View PostEdwards, on 02 January 2013 - 02:54 PM, said:

Developing a Moneyball tool for football would, as K9 has pointed out, be a difficult task. But not necessarily an impossible one.

If I was tasked with developing such a system, I'd do the following:

1. Define the variable I want to maximize
2. Develop metrics to measure players' contributions to those variables.
3. Measure each current and potential player on those metrics.
4. Obtain players who provide the maximum ratio of contribution to money spent.

For step 1, I think a fairly decent metric would be yards gained per play (offense) and yards yielded per play (defense). Those could be further broken down into yards/running play and yards/passing play. One could refine the above by also taking into account turnovers. Yards per passing play should be weighted three times as heavily as yards per running play or turnovers. (The number three comes from a regression analysis performed by The New York Times.)

For step 2, you define each player's task on a specific play. Then you rate how well he achieved his task. A quarterback's job is to throw the ball accurately, an offensive lineman's job is to win his battle against the guy across the line from him, etc. You could rate the accuracy of each pass on a scale from 1 - 5, the quality of a QB's decision on a scale from 1 - 3, etc.
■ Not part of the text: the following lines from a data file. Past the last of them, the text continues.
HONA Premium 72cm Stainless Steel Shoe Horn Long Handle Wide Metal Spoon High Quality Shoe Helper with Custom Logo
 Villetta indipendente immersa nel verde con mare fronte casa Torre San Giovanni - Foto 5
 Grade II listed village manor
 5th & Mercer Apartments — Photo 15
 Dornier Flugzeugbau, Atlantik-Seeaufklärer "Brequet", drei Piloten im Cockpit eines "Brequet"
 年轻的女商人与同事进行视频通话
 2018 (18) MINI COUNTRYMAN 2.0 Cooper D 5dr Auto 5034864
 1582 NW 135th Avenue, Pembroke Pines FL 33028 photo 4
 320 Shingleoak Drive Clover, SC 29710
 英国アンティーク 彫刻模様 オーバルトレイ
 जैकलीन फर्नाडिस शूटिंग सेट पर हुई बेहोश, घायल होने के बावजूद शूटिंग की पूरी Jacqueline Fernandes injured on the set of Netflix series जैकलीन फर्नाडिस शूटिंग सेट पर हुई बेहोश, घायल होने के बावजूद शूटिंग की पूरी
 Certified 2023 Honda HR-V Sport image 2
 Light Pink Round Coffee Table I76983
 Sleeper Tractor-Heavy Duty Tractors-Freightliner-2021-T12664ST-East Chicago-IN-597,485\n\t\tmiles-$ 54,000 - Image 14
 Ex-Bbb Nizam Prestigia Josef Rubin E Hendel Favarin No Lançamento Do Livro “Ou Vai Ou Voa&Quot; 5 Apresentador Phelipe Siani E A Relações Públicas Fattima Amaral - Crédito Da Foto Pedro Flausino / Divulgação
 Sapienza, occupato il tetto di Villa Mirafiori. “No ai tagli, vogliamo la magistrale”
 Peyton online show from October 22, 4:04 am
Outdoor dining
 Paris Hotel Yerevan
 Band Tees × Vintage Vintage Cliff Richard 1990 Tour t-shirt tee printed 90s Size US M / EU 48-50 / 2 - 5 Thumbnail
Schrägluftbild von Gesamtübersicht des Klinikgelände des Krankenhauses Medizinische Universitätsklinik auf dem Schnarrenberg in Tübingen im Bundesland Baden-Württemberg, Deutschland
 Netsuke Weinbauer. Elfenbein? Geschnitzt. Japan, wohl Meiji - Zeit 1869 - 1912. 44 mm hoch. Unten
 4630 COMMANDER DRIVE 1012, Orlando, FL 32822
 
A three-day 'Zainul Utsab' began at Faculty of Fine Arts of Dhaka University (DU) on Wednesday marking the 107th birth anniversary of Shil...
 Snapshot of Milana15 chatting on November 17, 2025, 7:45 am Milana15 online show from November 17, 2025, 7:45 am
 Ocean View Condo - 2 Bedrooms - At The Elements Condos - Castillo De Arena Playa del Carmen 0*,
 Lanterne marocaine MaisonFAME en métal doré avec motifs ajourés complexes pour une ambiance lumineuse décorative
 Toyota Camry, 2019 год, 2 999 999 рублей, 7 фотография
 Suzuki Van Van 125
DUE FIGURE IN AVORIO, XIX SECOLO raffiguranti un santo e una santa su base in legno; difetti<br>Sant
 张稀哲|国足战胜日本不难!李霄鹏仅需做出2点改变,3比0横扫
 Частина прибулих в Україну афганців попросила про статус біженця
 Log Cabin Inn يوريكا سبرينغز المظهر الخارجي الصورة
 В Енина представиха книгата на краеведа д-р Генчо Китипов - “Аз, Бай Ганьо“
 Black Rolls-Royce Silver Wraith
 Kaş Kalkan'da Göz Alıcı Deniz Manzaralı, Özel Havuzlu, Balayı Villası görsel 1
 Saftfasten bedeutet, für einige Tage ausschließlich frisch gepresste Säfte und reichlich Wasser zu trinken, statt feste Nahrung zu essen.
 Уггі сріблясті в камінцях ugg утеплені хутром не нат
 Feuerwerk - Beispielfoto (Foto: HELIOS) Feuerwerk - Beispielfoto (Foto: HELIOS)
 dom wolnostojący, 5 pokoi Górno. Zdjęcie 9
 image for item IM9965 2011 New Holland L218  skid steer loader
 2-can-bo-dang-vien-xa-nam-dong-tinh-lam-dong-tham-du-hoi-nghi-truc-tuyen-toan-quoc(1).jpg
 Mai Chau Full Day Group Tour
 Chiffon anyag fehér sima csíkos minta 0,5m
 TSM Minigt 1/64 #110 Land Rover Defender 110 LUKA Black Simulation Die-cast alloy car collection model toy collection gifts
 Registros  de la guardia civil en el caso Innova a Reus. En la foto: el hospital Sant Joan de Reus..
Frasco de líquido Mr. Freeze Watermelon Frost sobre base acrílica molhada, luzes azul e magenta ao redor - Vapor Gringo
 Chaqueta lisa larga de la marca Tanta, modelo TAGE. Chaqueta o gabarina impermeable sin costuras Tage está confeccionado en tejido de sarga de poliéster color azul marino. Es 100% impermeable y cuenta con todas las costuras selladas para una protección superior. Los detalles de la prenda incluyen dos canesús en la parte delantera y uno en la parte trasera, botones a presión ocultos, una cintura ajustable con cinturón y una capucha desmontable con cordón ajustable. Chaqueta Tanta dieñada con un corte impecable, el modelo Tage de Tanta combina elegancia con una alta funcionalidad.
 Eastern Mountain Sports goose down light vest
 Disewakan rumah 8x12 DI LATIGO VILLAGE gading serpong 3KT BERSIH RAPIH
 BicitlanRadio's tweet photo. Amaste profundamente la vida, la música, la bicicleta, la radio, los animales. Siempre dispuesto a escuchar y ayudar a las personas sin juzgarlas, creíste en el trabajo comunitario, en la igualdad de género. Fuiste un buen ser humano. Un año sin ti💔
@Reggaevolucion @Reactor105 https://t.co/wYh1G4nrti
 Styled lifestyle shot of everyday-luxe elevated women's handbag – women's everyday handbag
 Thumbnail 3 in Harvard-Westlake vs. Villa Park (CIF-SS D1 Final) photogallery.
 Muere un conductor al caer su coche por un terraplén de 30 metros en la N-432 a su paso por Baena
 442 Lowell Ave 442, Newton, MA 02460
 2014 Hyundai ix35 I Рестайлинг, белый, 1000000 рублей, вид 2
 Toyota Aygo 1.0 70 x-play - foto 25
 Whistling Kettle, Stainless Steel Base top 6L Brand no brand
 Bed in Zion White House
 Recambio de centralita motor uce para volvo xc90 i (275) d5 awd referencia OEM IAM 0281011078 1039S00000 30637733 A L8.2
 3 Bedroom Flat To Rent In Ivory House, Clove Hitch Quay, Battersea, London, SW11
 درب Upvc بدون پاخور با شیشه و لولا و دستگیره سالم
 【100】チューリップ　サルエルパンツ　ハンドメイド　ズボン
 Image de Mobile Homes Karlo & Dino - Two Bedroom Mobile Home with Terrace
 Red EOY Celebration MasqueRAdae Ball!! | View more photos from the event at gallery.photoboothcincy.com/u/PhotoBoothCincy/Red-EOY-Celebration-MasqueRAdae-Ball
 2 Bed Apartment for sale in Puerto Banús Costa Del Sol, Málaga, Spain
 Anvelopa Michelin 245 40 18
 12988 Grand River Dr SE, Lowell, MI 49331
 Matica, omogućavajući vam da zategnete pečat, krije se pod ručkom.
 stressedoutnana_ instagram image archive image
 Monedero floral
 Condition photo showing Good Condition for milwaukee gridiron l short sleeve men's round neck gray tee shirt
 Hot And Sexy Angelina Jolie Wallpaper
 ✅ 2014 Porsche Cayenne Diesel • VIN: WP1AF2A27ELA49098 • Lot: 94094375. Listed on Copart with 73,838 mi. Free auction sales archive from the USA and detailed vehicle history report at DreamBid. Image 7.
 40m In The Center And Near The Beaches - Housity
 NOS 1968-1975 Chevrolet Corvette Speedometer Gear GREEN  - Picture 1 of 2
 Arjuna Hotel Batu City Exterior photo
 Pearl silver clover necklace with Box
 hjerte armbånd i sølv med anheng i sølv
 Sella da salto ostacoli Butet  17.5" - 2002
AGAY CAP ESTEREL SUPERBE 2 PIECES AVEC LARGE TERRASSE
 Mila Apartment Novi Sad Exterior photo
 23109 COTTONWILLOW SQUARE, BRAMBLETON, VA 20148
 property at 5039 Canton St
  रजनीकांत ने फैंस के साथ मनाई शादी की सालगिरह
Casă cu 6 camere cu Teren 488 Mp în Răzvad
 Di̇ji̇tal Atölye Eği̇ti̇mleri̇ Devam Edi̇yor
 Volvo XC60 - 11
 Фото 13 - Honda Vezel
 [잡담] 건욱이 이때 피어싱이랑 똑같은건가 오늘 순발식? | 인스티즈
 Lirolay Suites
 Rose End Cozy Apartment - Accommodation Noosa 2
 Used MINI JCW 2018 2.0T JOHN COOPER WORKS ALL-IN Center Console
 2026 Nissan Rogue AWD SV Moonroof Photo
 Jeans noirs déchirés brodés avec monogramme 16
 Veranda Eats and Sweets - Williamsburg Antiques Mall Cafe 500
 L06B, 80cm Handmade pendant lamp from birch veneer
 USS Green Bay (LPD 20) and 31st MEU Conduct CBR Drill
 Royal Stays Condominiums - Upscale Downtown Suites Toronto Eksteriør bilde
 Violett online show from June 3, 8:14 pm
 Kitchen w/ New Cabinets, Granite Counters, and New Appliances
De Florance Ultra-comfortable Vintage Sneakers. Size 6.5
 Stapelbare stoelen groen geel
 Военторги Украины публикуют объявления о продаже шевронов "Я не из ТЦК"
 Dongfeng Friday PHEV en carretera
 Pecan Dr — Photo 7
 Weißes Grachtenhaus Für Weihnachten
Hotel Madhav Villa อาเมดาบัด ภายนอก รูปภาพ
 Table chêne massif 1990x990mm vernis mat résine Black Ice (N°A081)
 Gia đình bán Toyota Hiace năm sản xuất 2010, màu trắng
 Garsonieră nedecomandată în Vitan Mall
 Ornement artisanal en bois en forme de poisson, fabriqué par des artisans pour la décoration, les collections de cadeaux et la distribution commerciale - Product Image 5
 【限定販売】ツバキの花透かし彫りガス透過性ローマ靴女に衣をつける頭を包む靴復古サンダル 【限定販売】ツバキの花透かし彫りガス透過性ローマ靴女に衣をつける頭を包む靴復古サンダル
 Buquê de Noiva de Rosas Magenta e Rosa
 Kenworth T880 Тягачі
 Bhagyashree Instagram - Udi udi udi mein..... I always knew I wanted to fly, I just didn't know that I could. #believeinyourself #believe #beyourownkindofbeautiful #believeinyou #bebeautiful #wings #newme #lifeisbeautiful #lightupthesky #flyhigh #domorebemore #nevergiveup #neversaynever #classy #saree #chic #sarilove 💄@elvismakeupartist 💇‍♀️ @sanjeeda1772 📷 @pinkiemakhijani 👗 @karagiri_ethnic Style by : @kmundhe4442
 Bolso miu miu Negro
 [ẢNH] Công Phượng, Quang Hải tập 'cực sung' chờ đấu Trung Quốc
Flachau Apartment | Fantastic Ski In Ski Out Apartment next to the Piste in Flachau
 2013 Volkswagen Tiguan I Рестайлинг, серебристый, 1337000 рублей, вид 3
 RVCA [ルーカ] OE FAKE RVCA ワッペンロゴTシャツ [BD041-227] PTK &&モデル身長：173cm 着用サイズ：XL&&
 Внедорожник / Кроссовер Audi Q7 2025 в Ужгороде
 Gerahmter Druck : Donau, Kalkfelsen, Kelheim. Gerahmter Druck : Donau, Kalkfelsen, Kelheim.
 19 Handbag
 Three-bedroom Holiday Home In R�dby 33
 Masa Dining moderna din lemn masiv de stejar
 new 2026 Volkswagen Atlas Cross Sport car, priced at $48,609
You could also rate the quality of a WR's catching on a scale from 1 - 5; where a 5 counts as catching a very poorly thrown ball, a 3 counts as catching a well-thrown ball, and a 2 counts as dropping a difficult-to-catch (but still catchable) pass.

Step 3 involves watching a ton of film. It will probably be necessary to watch the same game many times, just so that each player can be assigned a grade on the above-described scale. Ideally, you and your staff would watch at least 1 - 2 seasons' worth of games, with each player assigned a grade for each play. Once you had that data, it would be fairly straightforward to develop a statistical model which could answer questions like, "If an offensive lineman loses his battle against a defender, how many fewer yards is the running play likely to gain than would have been the case, had he won the battle?" Once you can answer questions like that, then you can determine your average expected yards per running play with Offensive Lineman A versus Offensive Lineman B.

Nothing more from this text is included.